W męskim świecie
W ludzkich… uczuć… lesie
(Antoni Malczewski)
W piątek po lekcjach, aby odreagować stres po
całym tygodniu, wybrałam się do kina. Na przekór wszystkim fanom Zmierzchu, który jest
bardzo popularny w ostatnich dniach, wybrałam polski film Mój rower w
reżyserii Piotra Trzaskalskiego. Na pewno każdy z was słyszał o tym filmie,
ponieważ jest bardzo często reklamowany w telewizji.
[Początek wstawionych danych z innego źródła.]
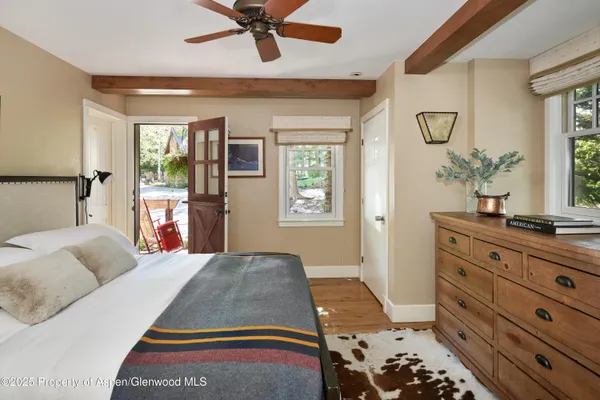 a view of backyard with a large window and wooden floor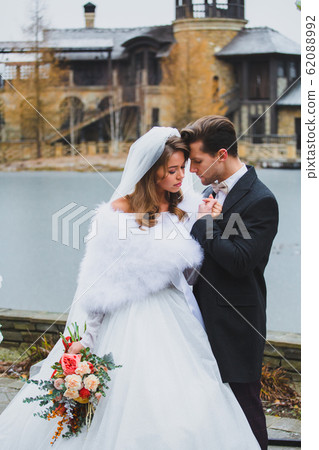 Couple of stylish newlyweds posing on the territory of country hotel 62088992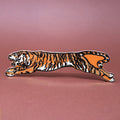 Leaping tiger-shaped leather bookmark with tan, black, and cream stripes, displayed horizontally on a warm brown background.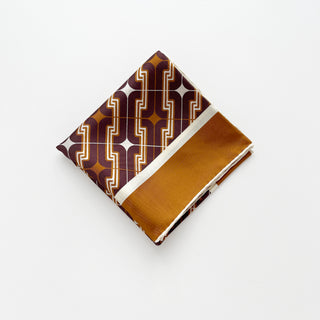 Folded men's luxury silk scarf featuring geometric burgundy and brown pattern with cream white hand-rolled edges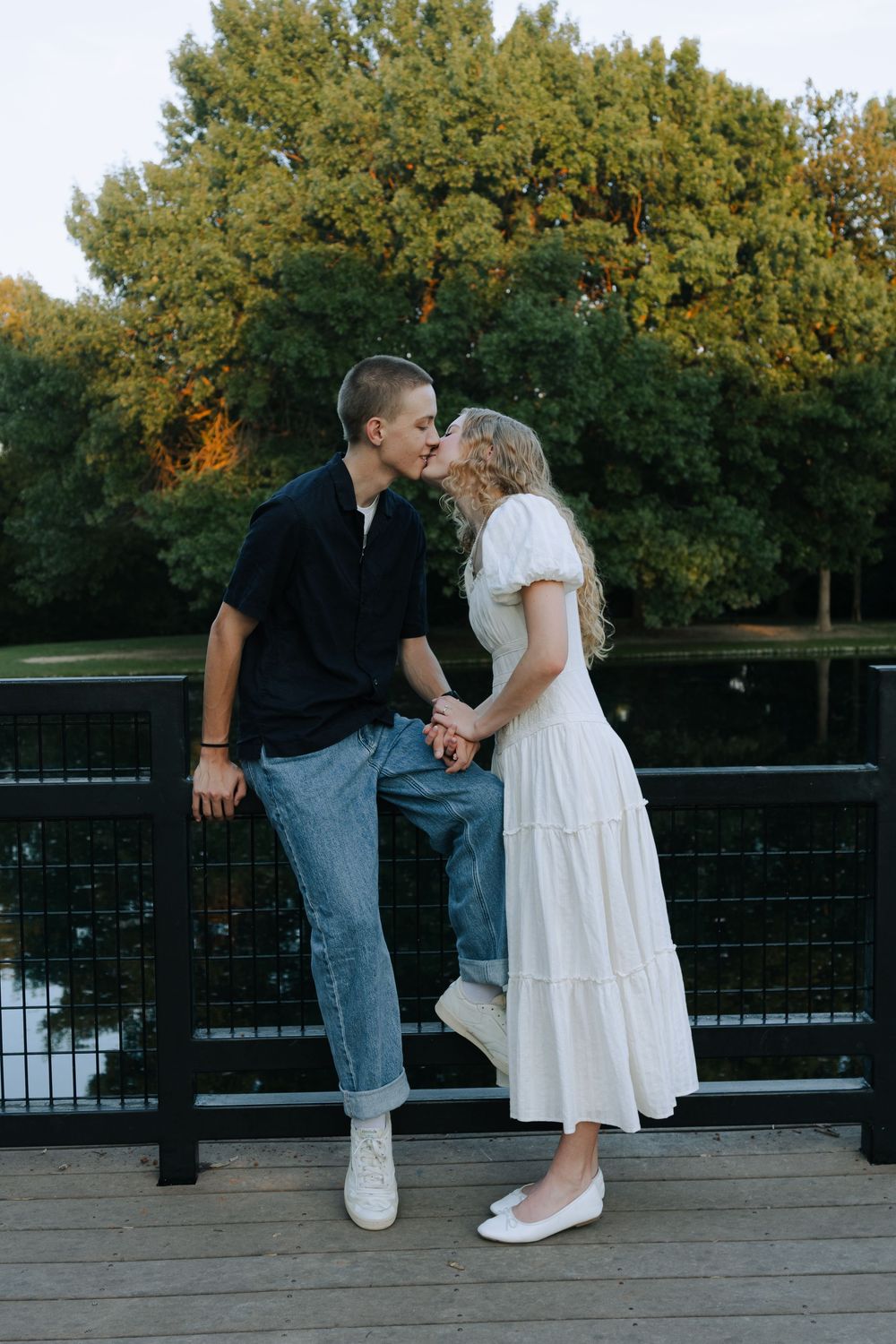 Couple shares tender moment on wooden deck overlooking water during sunset.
To gorzko - słodki film opowiadający historię
trzech mężczyzn. Władek (Michał Urbaniak) jest chory na cukrzycę, lecz mimo to,
mocno przesadza z alkoholem. Z tego powodu odchodzi od niego żona. W tej
sytuacji, jego syn Paweł (Artur Żmijewski) i wnuk Maciek (Krzysztof
Chodorowski) przybywają, aby mu pomóc. Pomimo wzajemnej niechęci, wyruszają na
wspólne poszukiwania żony, mamy i babci. Czy wspólna podróż zbliży ich do
siebie?
Moja pierwsza myśl po skończonym seansie była
taka, że mężczyźni nie potrafią mówić o miłości, choć często kochają bardzo
mocno. Dla bohaterów Mojego roweru dopiero wspólna
podróż stała się pretekstem do prawdziwej rozmowy o tym, co czują i o co mają
do siebie żal. Ta wyprawa zmieniła całe ich życie. Tematyka filmu jest
poważna, a jednak jest wiele momentów, które rozśmieszą widza do łez.
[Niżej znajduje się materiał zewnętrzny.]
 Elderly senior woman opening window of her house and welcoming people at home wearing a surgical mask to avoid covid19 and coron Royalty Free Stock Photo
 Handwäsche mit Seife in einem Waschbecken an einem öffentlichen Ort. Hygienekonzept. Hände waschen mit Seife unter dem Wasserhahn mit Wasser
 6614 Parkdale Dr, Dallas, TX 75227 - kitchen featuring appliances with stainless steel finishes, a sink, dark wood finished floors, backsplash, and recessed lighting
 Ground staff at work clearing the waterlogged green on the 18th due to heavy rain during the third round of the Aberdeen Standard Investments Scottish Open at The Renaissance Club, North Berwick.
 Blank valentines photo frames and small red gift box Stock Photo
Film się podoba polskim widzom, bardzo dobrze
też został przyjęty za granicą. Na festiwalu w Melbourne wywołał owacje na
stojąco, a widzowie w Chicago zażądali dodatkowego pokazu. Po obejrzeniu Mojego roweru Andrzej
Wajda powiedział:
To jest bardzo pięknie wymyślony film o tym, jak w pewnych
sytuacjach człowiek czasem staje się człowiekiem. Jeszcze nie widziałem takiego
filmu. Felietonista
Tomasz Golonko z kolei pisze: Mój rower" obala
(…) mit, że męskie kino to zawsze mordobicie. Nie potrzebujemy kolejnych
klonów "Street Fighter" , a już na pewno nie w polskim wydaniu.
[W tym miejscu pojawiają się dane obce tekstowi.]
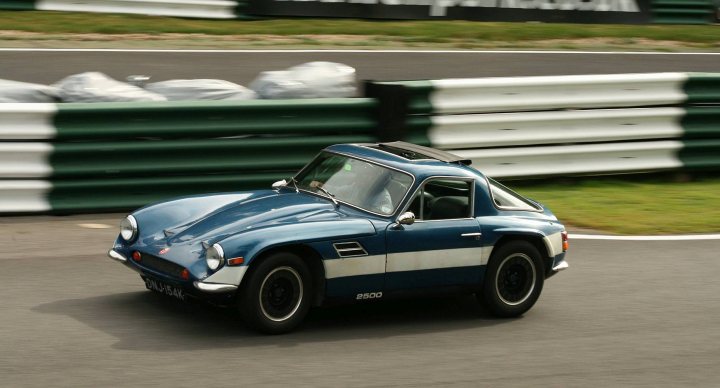 Early TVR Pictures - Page 159 - Classics - PistonHeads - This image captures an exciting moment of a race car in motion on a racing track. The car is a striking blue with a white stripe, resembling the traditional colors of iconic racing teams. The vehicle is leaning into a turn, demonstrating the agility and speed inherent in race car driving. The track itself is clearly marked with a series of green and white barriers that line the courses, a common safety measure in professional racing. The car appears to be in a dynamic racing motion on the track, adding a sense of thrill and competition to the image.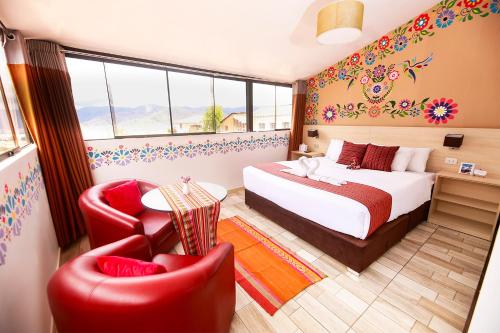 a hotel room with a bed and two chairs at Mayu Boutique Hotel in Cusco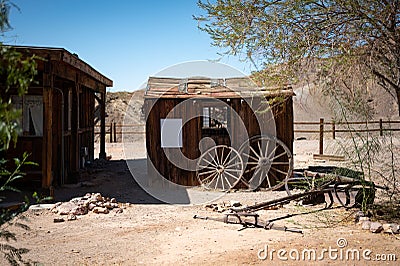 olshed with some wagon wheels leaning on it in the abandoned town of the far west Editorial Stock Photo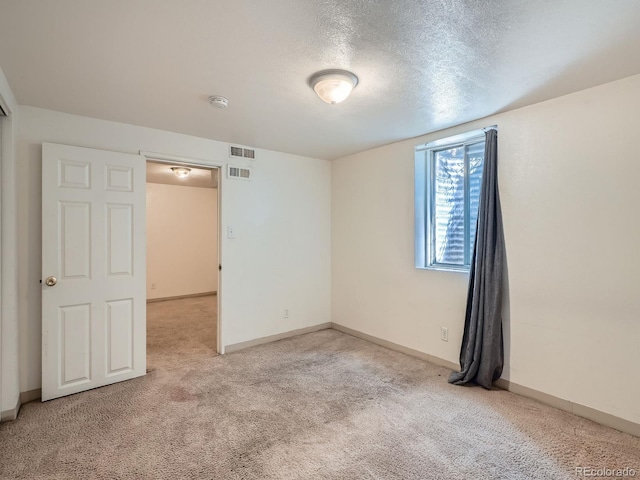 1455 S Zephyr St, Lakewood, CO 80232 - empty room with light colored carpet and a textured ceiling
Zamiast tego, serwowany jest nam produkt regionalny o jakości najlepszej. Bo
kino dla facetów to takie, gdzie nie ma zbędnych dramatów, próby wyciśnięcia z
nas chociaż jednej łzy. I tak jest z "Moim rowerem". To film, do
którego można się przyznać: "Tak, oglądałem". Po prostu bez
obciachu. Idźcie.
Jeżeli więc nie ulegasz
"zmierzchomanii" i masz ochotę wybrać się do kina, Mój rower
będzie świetnym pomysłem. Naprawdę polecam.